- **What is required**
All that is needed is the line containing "Samsung Galaxy Buds 4" together with each line after it, transcribed exactly to the end of the records.

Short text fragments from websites
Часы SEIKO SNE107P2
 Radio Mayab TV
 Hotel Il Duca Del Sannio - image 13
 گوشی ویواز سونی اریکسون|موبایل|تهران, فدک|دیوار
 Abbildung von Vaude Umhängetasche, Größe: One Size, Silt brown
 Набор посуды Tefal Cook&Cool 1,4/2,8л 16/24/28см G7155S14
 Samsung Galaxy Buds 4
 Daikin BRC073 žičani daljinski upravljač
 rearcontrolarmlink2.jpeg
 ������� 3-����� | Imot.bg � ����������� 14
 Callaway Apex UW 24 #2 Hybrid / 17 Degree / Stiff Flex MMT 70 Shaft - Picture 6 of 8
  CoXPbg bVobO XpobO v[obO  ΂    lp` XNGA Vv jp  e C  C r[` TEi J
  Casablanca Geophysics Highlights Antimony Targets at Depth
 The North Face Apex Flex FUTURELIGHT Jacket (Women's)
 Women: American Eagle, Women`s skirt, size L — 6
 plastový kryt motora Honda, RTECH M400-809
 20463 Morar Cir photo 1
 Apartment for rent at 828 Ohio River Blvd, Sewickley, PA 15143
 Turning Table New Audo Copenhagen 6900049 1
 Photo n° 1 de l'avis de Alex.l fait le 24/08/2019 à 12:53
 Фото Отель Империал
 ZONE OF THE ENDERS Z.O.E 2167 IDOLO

- **Expected output**
 Samsung Galaxy Buds 4
 Daikin BRC073 žičani daljinski upravljač
 rearcontrolarmlink2.jpeg
 ������� 3-����� | Imot.bg � ����������� 14
 Callaway Apex UW 24 #2 Hybrid / 17 Degree / Stiff Flex MMT 70 Shaft - Picture 6 of 8
  CoXPbg bVobO XpobO v[obO  ΂    lp` XNGA Vv jp  e C  C r[` TEi J
  Casablanca Geophysics Highlights Antimony Targets at Depth
 The North Face Apex Flex FUTURELIGHT Jacket (Women's)
 Women: American Eagle, Women`s skirt, size L — 6
 plastový kryt motora Honda, RTECH M400-809
 20463 Morar Cir photo 1
 Apartment for rent at 828 Ohio River Blvd, Sewickley, PA 15143
 Turning Table New Audo Copenhagen 6900049 1
 Photo n° 1 de l'avis de Alex.l fait le 24/08/2019 à 12:53
 Фото Отель Империал
 ZONE OF THE ENDERS Z.O.E 2167 IDOLO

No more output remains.